MEDIA REQUESTS: please email office@sciencewriters.ca

Dear Prime Minister Harper,

Over the past four years, journalists and scientists alike have exposed the disturbing practices of the Canadian government in denying journalists timely access to government scientists. Open letters to your government from concerned journalists have been followed by editorials and public lectures calling for improved access. Still, cases of government muzzling of publicly funded scientists continue.

Last fall, Environment Canada prevented Dr. David Tarasick from speaking to journalists about his ozone layer research, work which had been published in the journal Nature. And earlier, the Privy Council Office stopped Kristina Miller, a researcher at Fisheries and Oceans Canada, from granting interviews about her work—findings that had been published in the journal Science on the causes of sockeye salmon decline in British Columbia.

Despite promises that your majority government would follow principles of accountability and transparency, federal scientists in Canada are still not allowed to speak to reporters without the “consent” of media relations officers. Delays in obtaining interviews are often unacceptable and journalists are routinely denied interviews. Increasingly, journalists have simply given up trying to access federal scientists, while scientists at work in federal departments are under undue pressure in an atmosphere dominated by political messaging.

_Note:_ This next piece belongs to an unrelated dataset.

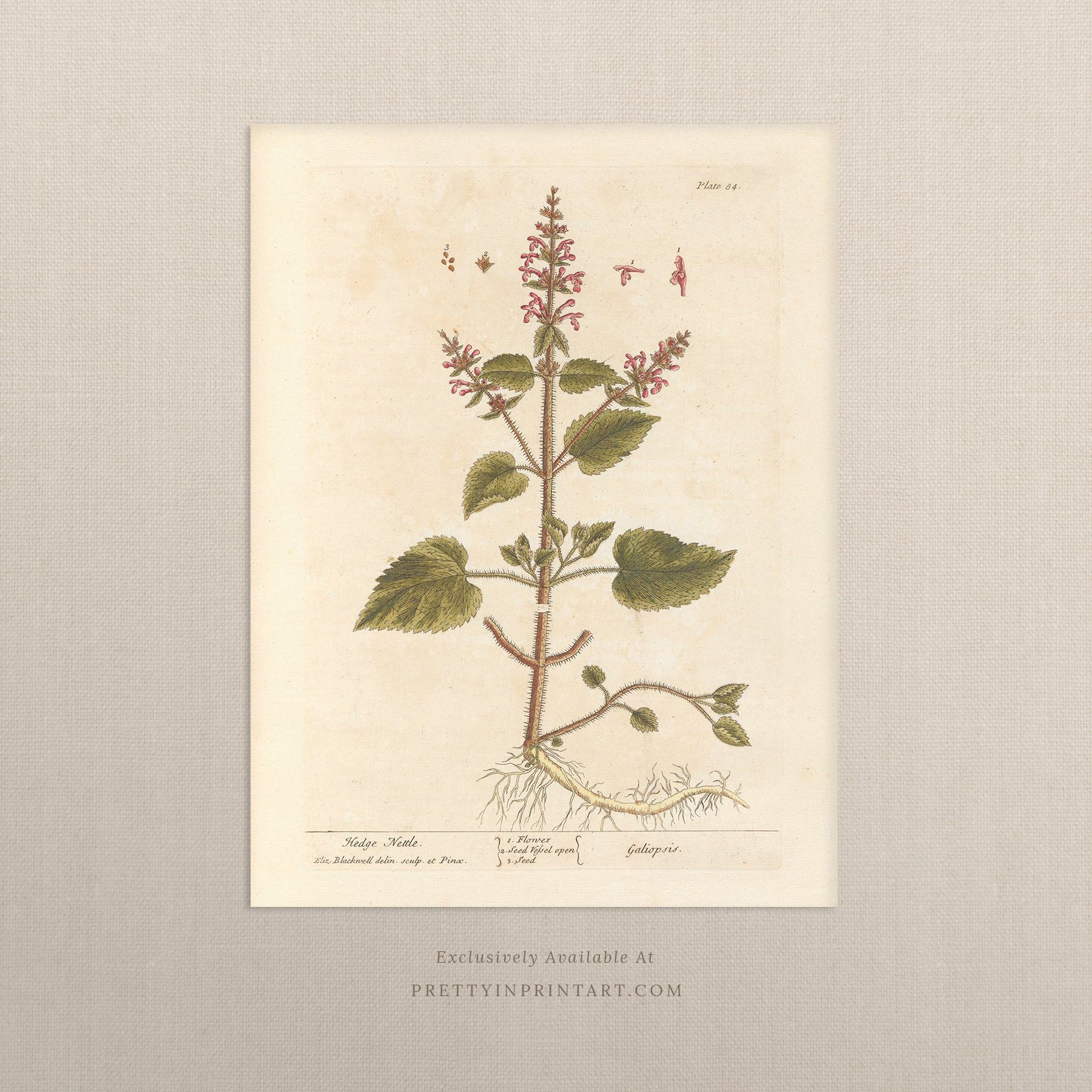 Vintage botanical art print, antique floral illustration, collectible wall decor for home or office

After several unsuccessful attempts to resolve this issue, our organizations—which represent science journalists and communicators and scientists across Canada and around the world —have agreed to a joint campaign to push for timely and open access to federally funded scientists. Our campaign will use a variety of tools to draw public attention for this issue and to spur your government to tear down the wall that separates scientists, journalists, and the public.

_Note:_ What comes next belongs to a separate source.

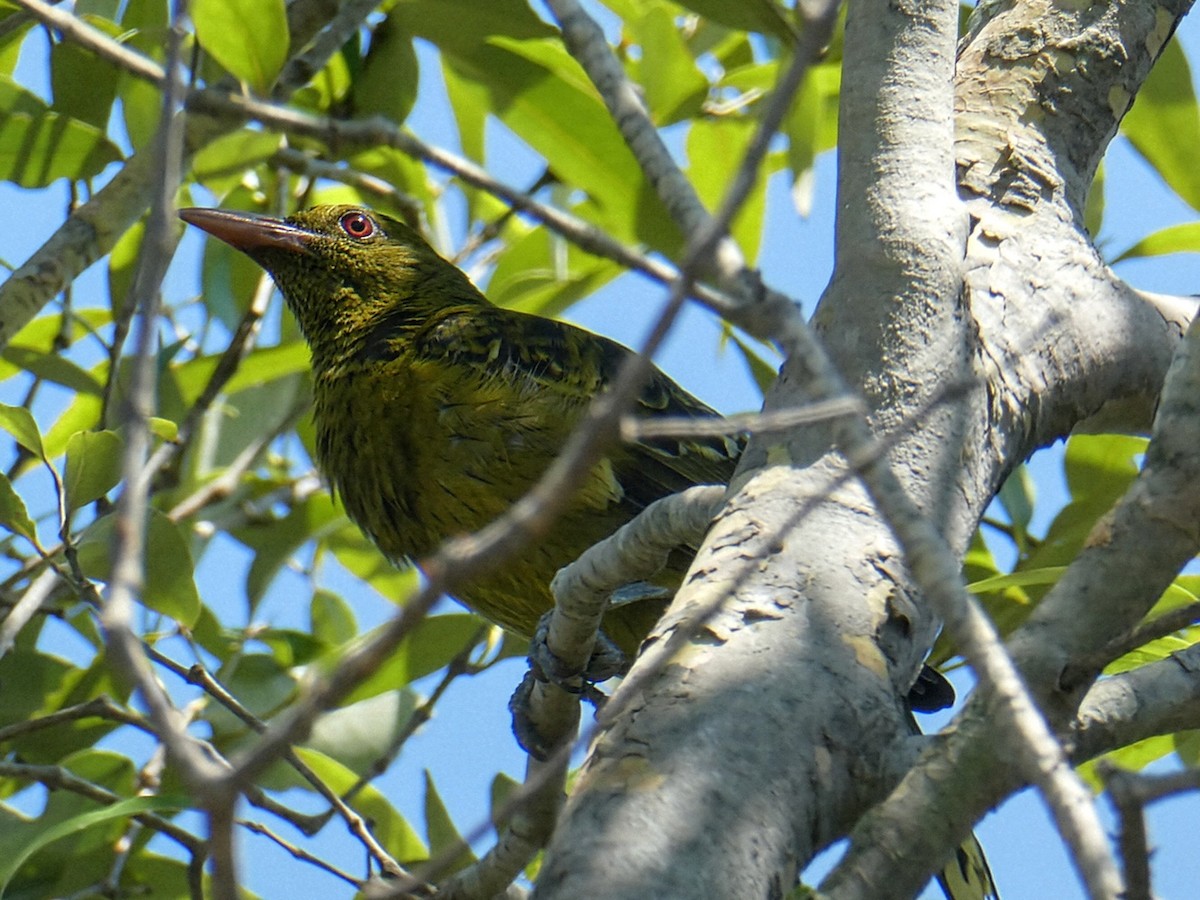Green Oriole - ML642850841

We urge your government to implement a policy of transparent and timely communication, one similar to that introduced in the U.S. recently by the National Oceanic and Atmospheric Administration (NOAA). This policy now encourages scientists to speak to the media without any intermediary. It even encourages scientists to express their own opinions, provided they indicate that they are speaking personally and not on behalf of the employer.

Many federal scientists are world-renowned experts in areas such as climatology, agriculture, environment, energy solutions, infectious disease, nanotechnology, engineering, and health care. Their important research in support of public health and security, environmental protection, and economic development costs taxpayers billions of dollars, and is valuable to scientists worldwide. Clearly Canadians have the right to learn more about the science they support and to have unfettered access to the expertise of publicly funded scientists.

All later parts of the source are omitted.